UHF CB Channels is Australia

Established by law
11 To call or locate another station. Parties then switch to a conversation channel
Conversations 9,
12 to 17,
19 to 21,
24 to 30,
Used for conversations between stations
Highway Communications 40 Mainly used by Truck Drivers and other Highway users
Caravaners, Campers 18 Holiday Maker’s communication channel, e.g., when in convey
4WDrivers 10 Used by 4WD enthusiasts, clubs, convoys and in national parks.
Emergency Calling
Established by law
5 Can be used by anyone in an emergency situation ONLY. Channel 35 is the duplex/output (transmit) channel for channel 5 the duplex/input (receive) channel. Thus, no simplex communications should be initiated on channel 35 due to the potential to interfere with an emergency in progress on channel 5.
Established by law
1 to 8
31 to 38
In duplex mode, repeaters need two channels to work. Receives on 1 to 8. Transmits on 31 to 38 (automatically). When within range of a repeater, it will increase the communications distance.
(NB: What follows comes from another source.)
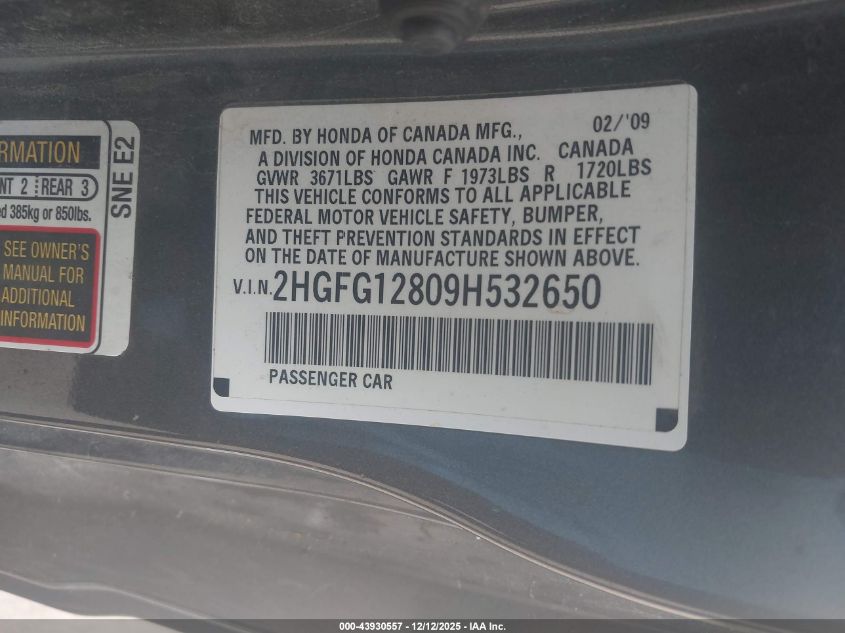 2009 Honda Civic Ex VIN: 2HGFG12809H532650 Lot: 43930557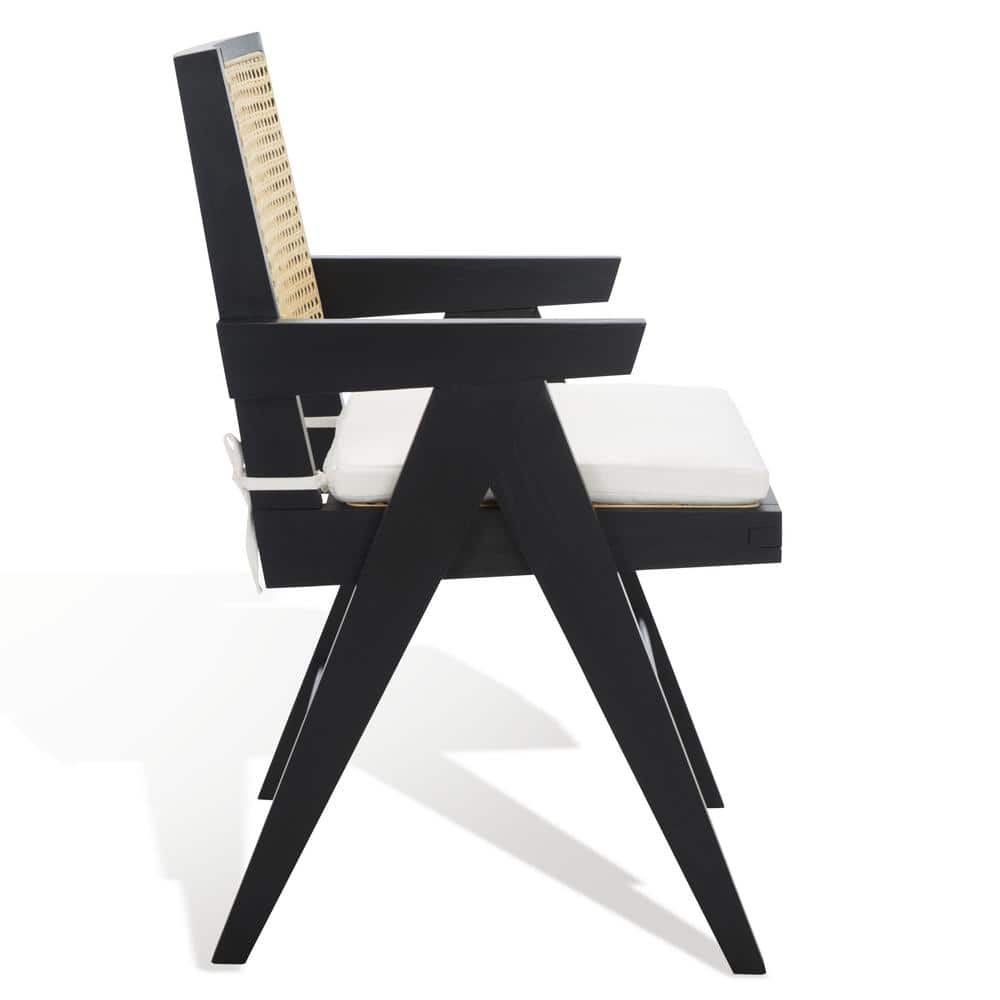 Colette Contemporary Black and Natural Ash Wood Rattan Dining Armchair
Operation in simplex mode on these channels is not permitted when within range of a repeater.
Data Transmissions
Established by law
22, 23 Voice transmissions not permitted on these two channels

2 thoughts on “UHF CB Channels is Australia”

  1. A CB radio or “citizens band” radio is the perfect medium range communications tool. The average store bought 2 way radio usually operates on GRMS or FRS frequencies. These frequencies are limited to a few miles and are limited even further by buildings, tress, mountains and all obstacles. CB radios can obtain ranges up to 150 miles, sometimes more. CB’s operate on a different frequency than traditional consumer radios which allows them to obtain these extended ranges and makes them a preferable communications tools.